DATA RECORDS →
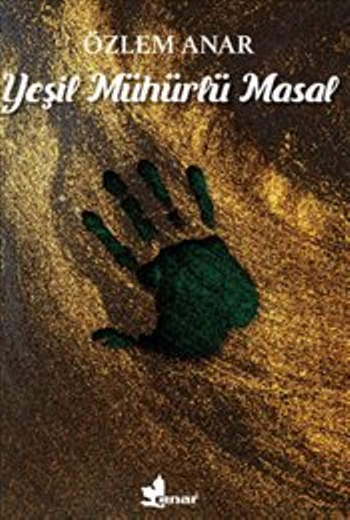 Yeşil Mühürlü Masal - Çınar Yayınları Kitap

---

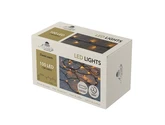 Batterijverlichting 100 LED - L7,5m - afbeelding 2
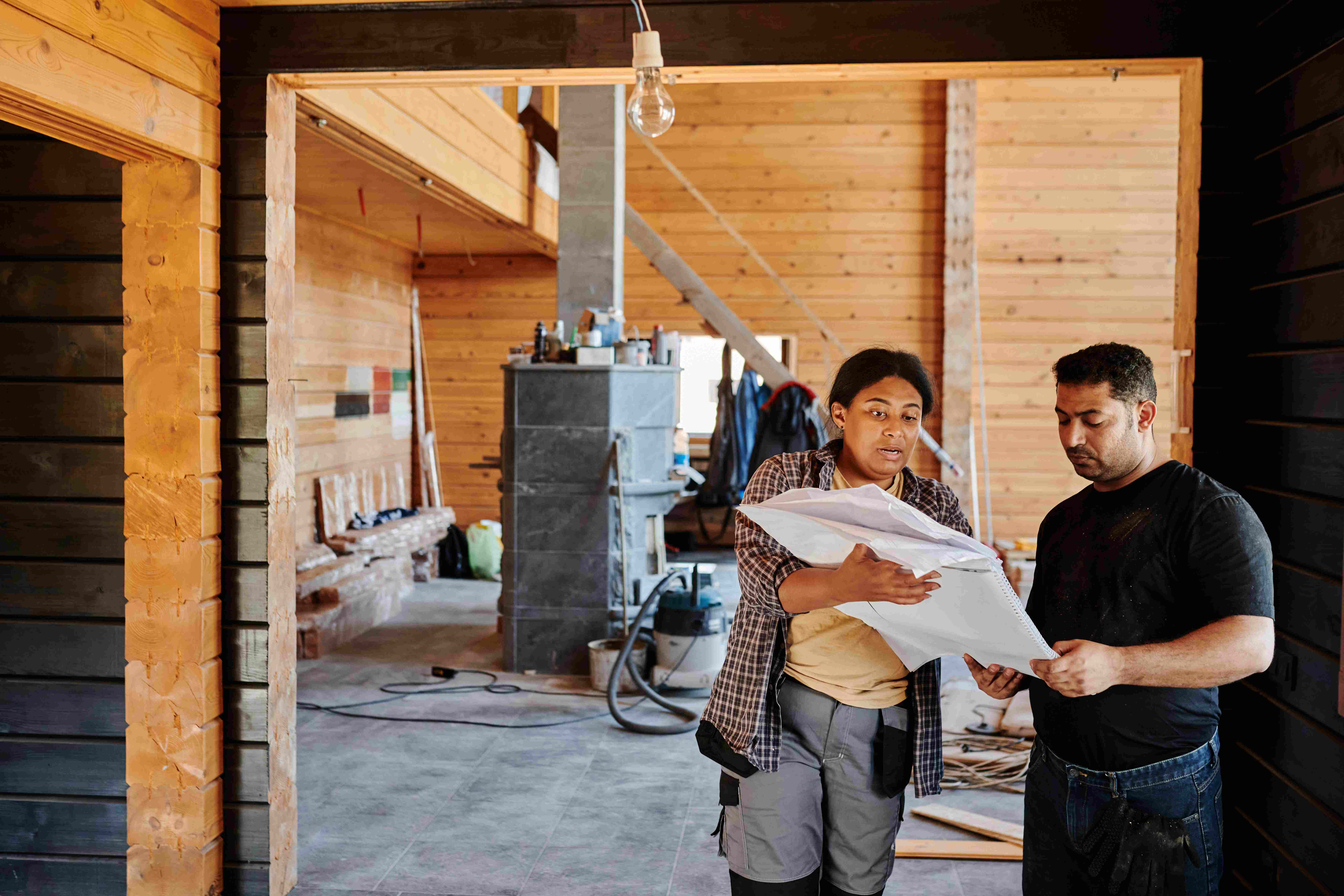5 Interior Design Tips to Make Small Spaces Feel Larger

---

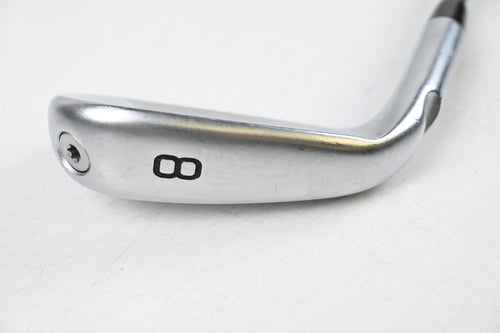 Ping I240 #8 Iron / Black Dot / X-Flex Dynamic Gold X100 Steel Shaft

WORK REQUEST →
Using the data above, retype exactly and only the lines from the one containing "Batterijverlichting 100 LED" up to and including the one containing "5 Interior Design", with no pictures carried over.

EXERCISE OUTPUT →
 Batterijverlichting 100 LED - L7,5m - afbeelding 2
5 Interior Design Tips to Make Small Spaces Feel Larger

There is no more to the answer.